Question

Solve $\int_{0}^{\pi}x.sin^{3}x.\text{d}x$ [CEE 1993]
(A) $\dfrac{4\pi}{3}$
(B) $\dfrac{2\pi}{3}$
(C) 0
(D) None of these

Answer 1

Hint: Integration is the process of connecting the parts to create the whole. The region bounded by the graph of functions is defined and calculated using integration. Finding the area of the region under the curve is the process of integration. To do this, cover the area with as many little rectangles as possible, and then add up their areas. Finding an anti derivative of a function is the process of integration.
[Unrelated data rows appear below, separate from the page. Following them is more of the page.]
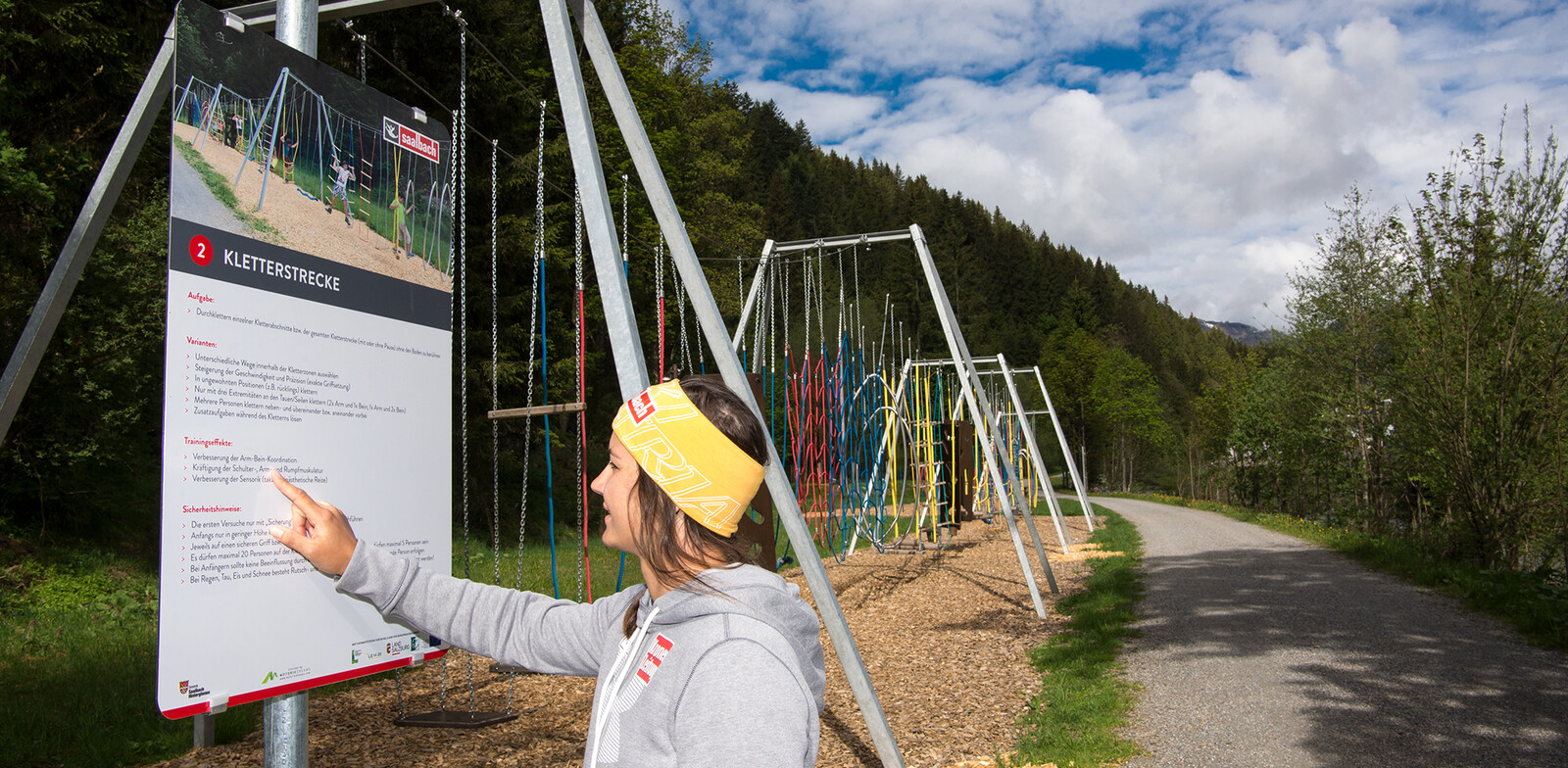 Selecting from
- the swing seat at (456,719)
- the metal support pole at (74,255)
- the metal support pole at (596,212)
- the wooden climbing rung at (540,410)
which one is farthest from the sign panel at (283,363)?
the swing seat at (456,719)

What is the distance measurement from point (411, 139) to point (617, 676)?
1.82 metres

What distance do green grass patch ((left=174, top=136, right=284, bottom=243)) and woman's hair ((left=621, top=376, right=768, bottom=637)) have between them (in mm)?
1160

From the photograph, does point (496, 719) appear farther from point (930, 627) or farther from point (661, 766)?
point (930, 627)

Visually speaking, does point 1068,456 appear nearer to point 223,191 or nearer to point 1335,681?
point 1335,681

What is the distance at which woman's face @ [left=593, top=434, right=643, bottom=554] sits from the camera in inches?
59.8

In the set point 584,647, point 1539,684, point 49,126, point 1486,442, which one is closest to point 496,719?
point 584,647

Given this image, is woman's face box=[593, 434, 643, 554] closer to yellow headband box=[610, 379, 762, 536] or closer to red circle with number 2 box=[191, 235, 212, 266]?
yellow headband box=[610, 379, 762, 536]

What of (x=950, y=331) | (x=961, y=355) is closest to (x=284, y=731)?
(x=950, y=331)

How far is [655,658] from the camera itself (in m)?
1.36

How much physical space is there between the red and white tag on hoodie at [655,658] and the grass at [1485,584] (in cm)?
877

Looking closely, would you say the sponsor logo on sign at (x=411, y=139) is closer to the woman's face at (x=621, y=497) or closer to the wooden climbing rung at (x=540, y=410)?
the woman's face at (x=621, y=497)

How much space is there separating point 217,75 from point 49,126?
452 inches

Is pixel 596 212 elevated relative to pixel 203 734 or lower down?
elevated

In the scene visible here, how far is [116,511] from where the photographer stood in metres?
11.5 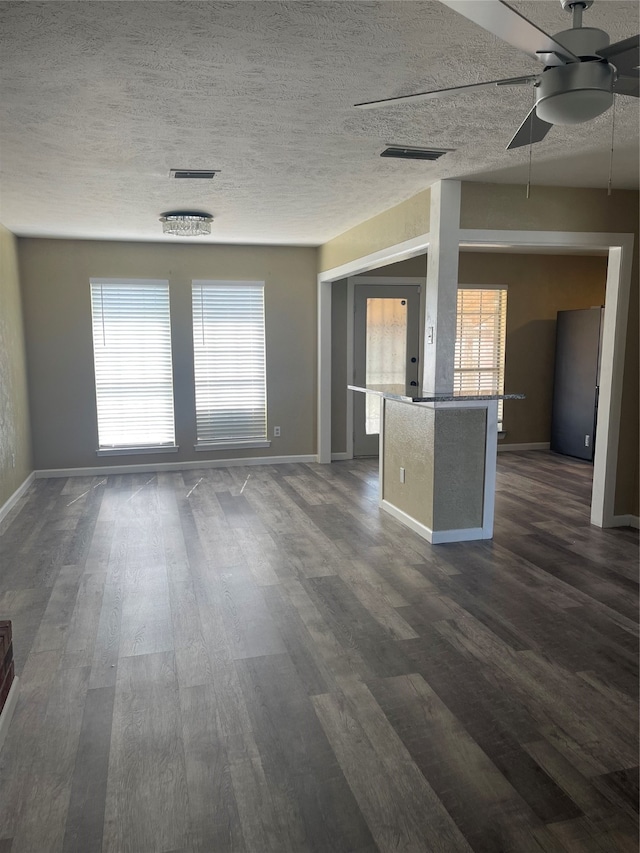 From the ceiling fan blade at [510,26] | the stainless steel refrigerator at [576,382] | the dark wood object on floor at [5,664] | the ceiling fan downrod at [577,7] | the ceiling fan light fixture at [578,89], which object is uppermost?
the ceiling fan downrod at [577,7]

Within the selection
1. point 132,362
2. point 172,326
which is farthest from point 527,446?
point 132,362

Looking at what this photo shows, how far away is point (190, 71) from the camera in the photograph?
7.34ft

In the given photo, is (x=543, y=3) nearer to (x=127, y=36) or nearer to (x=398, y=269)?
(x=127, y=36)

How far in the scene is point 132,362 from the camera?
6.56 meters

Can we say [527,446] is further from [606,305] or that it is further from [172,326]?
[172,326]

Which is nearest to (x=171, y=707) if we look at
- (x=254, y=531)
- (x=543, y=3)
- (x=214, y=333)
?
(x=254, y=531)

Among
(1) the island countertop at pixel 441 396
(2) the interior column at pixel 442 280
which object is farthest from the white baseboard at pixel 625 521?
(2) the interior column at pixel 442 280

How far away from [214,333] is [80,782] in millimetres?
5328

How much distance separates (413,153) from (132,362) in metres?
4.24

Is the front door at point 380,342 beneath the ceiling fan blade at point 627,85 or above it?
beneath

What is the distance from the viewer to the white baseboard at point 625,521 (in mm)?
4602

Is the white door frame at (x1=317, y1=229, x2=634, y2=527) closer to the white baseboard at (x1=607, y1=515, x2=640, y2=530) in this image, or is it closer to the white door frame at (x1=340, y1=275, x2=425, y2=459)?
the white baseboard at (x1=607, y1=515, x2=640, y2=530)

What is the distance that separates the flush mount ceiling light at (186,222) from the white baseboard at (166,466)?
9.11 ft

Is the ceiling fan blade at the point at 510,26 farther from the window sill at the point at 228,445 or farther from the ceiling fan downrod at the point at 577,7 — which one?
the window sill at the point at 228,445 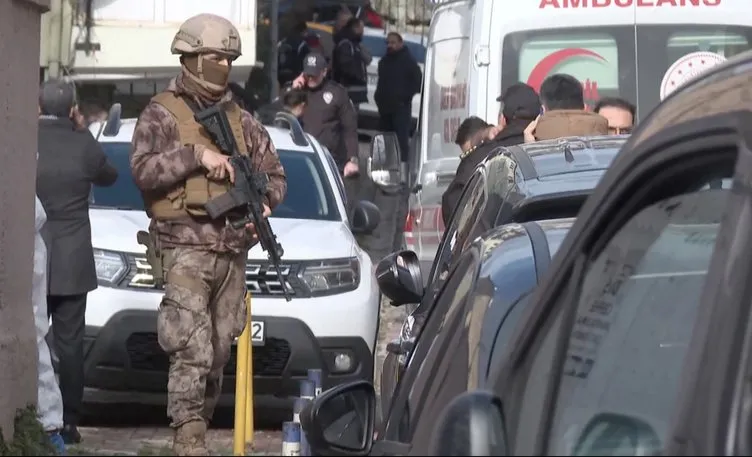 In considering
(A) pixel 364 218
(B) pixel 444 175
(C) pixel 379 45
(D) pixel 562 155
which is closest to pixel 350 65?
(C) pixel 379 45

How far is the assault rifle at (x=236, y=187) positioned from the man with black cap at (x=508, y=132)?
5.65 ft

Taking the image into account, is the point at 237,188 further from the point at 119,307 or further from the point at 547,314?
the point at 547,314

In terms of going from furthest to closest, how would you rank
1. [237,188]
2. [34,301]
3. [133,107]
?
[133,107]
[34,301]
[237,188]

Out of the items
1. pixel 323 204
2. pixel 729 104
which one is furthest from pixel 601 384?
pixel 323 204

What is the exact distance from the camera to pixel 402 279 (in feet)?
19.9

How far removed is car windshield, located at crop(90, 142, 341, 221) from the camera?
10148 mm

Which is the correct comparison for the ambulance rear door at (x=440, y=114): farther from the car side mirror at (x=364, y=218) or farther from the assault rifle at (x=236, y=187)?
the assault rifle at (x=236, y=187)

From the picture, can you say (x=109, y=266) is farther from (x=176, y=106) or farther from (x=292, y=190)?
(x=176, y=106)

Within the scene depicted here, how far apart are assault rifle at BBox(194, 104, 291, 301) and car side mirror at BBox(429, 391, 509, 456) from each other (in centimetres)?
485

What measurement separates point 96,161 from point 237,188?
1.71 meters

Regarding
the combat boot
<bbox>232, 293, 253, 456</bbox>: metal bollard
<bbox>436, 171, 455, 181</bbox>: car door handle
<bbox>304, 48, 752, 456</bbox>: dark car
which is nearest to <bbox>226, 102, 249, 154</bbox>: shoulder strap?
<bbox>232, 293, 253, 456</bbox>: metal bollard

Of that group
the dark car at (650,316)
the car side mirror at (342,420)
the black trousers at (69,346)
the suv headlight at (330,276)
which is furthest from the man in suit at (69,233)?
the dark car at (650,316)

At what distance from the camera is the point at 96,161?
893 centimetres

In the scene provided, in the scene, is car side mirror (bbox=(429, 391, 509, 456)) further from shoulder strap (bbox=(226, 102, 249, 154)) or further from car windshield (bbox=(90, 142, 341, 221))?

Formula Used:The integration is solved using the fundamental property $\int_{0}^{a}f(x)=\int_{0}^{a}f(a-x)$. It is a question of definite integration, so the upper and lower limits are substituted after solving the integration.



Complete step by step solution:The given integral is I = $\int_{0}^{\pi}x.sin^{3}x.\text{d}x$ --------- (1)
Here the given function is f(x) = $x.sin^{3}x$ and the total range over which the integral is to be done is 0 to $\\pi$, with a lower limit of 0 and an upper limit $\\pi$.
We know that the fundamental property of integrals is $\int_{0}^{a}f(x)=\int_{0}^{a}f(a-x)$.
Using this property, we get
Also, I = $\int_{0}^{\pi}(\pi-x).sin^{3}x.\text{d}x$ --------- (2)
Adding equations (1) and (2), we get
 2I = $\int_{0}^{\pi}\pi.sin^{3}x.\text{d}x$
We know that $\\sin^{3}x=(3sinx-sin3x)/4$, so we get
   2I = $\dfrac{\pi}{4}\int_{0}^{\pi}3\sin~x-\sin~3x.\text{d}x$
    = $\dfrac{\pi}{4}\left[-3cos~x+\dfrac{cos~3x}{3}\right]_{0}^{\pi}$
    = $\dfrac{\pi}{4}(-3(-1-1)-\dfrac{(-1-1)}{3})$
    = $\dfrac{\pi}{4}(6-2/3)$
    = $\dfrac{4\pi}{3}$
That is, 2I = $\dfrac{4\pi}{3}$
So, I= $\dfrac{2\pi}{3}$
Hence, the integration of $x.sin^{3}x$ over the integral 0 to $\\pi$ is $\dfrac{2\pi}{3}$.



Option ‘B’ is correct


Note: It should be kept in mind that changing the function also changes the upper and lower limit values after they are specified. Integration must be done with care. Trigonometric values should be carefully substituted.